SIDIKJARI– Lagu berbahasa Sunda berjudul "Lalaki Langit, Lalanang Bejat" yang diperkenalkan Bupati Purwakarta, Saepul Bahri Binzein atau yang akrab disapa Om Zein, menjadi perbincangan hangat di media sosial.
Lagu tersebut menuai beragam respons dari masyarakat, mulai dari apresiasi hingga kritik terhadap sebagian lirik yang dinilai menyinggung perempuan.
Polemik mencuat setelah sejumlah warganet menafsirkan lagu itu mengandung stereotip terhadap perempuan.

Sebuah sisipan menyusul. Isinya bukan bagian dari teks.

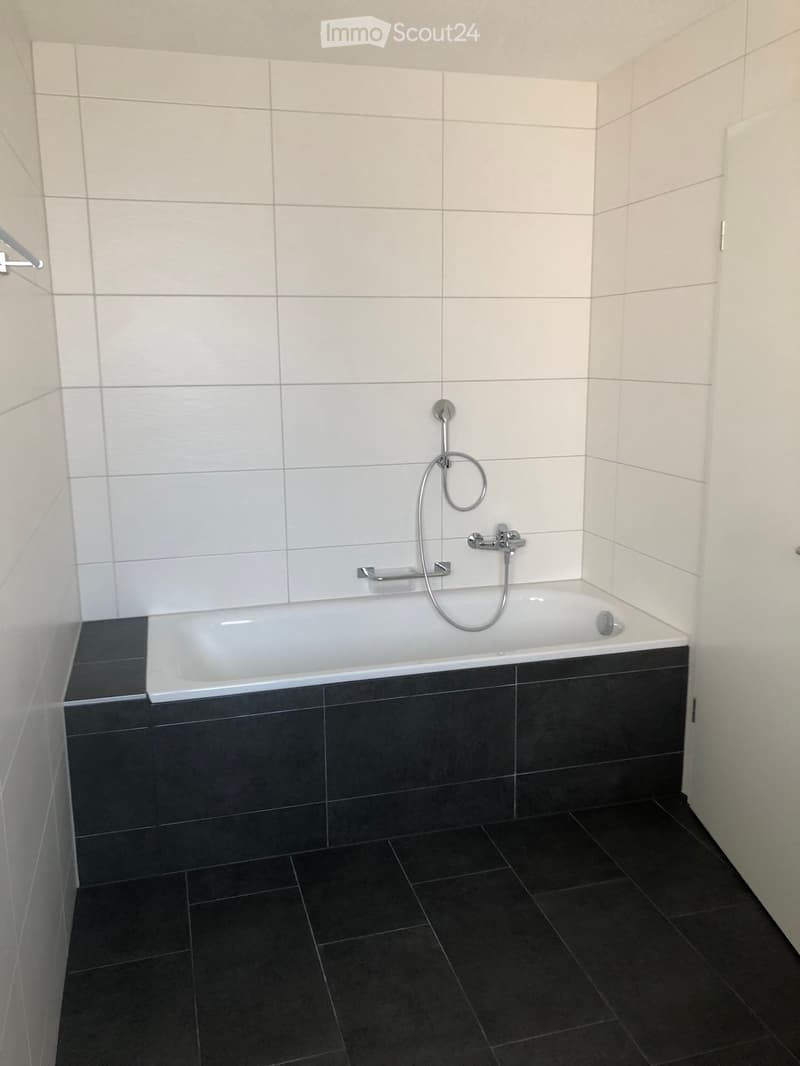 Modern bathroom with a white bathtub, black tiled floor, and white tiled walls. Features a showerhead and faucet above the tub.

Perdebatan pun meluas di berbagai platform media sosial hingga memunculkan berbagai interpretasi.
Menanggapi polemik tersebut, Om Zein memberikan klarifikasi.
Ia menegaskan lagu yang kini viral itu bukan ditujukan untuk menyindir ataupun merendahkan perempuan, melainkan merupakan refleksi atas perjalanan hidupnya sendiri.

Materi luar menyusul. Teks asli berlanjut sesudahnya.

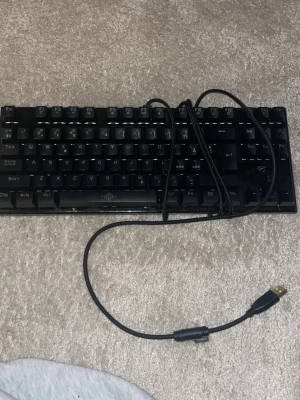 RGB mekaniskt tangentbord Havit - Säljer ett kompakt svart mekaniskt tangentbord från Havit med RGB-belysning. Tangentbordet har USB-anslutning och tydliga, upphöjda tangenter. Perfekt för gaming eller skrivande med snygg ljuseffekt i flera färger.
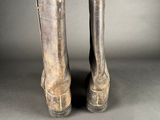 pair of silver boots on a gray surface with a gray background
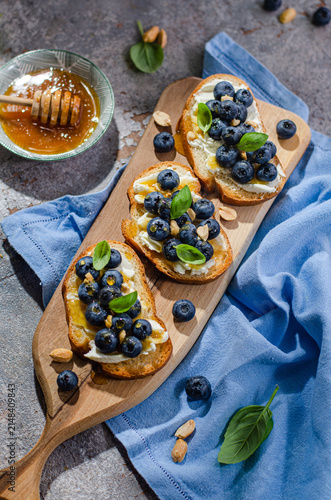 Blueberry, peanut, and cream cheese toasts on a wooden board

"Berawal dari puisi dan kata kata yg dalam lagu itu diciptakan tahun 2020, bercerita tentang diri saya sendiri. Berawal dari renungan atas perilaku saya sendiri yang menurut saya saat itu saya nakal," ujar Om Zein.
Menurutnya, karya tersebut lahir dari proses perenungan yang panjang terhadap masa lalu. Lirik yang ditulis merupakan bentuk pengakuan atas kesalahan dan kelemahan dirinya sebagai manusia.
"Saya bersyukur Tuhan menciptakan saya jadi lelaki. Mungkin jika saya diciptakan jadi perempuan, terjadi apa yang saya pikirkan karena saya belum bisa menjaga diri," katanya.
Om Zein menjelaskan, kalimat tersebut bukan ditujukan untuk menghakimi perempuan, melainkan sebagai ungkapan bahwa dirinya mengakui pernah memiliki cara berpikir dan perilaku yang keliru.
Melalui lagu itu, ia ingin mengingatkan dirinya sendiri agar terus berbenah. Di tengah derasnya kritik yang bermunculan, Om Zein juga menyampaikan permohonan maaf kepada masyarakat yang merasa kurang nyaman dengan isi lagu tersebut.
"Saya mohon maaf jika ada pihak yang merasa tidak nyaman dengan lirik lagu itu. Namun tidak bermaksud menyinggung pihak tertentu. Itu murni cerita tentang diri saya sendiri," tegasnya.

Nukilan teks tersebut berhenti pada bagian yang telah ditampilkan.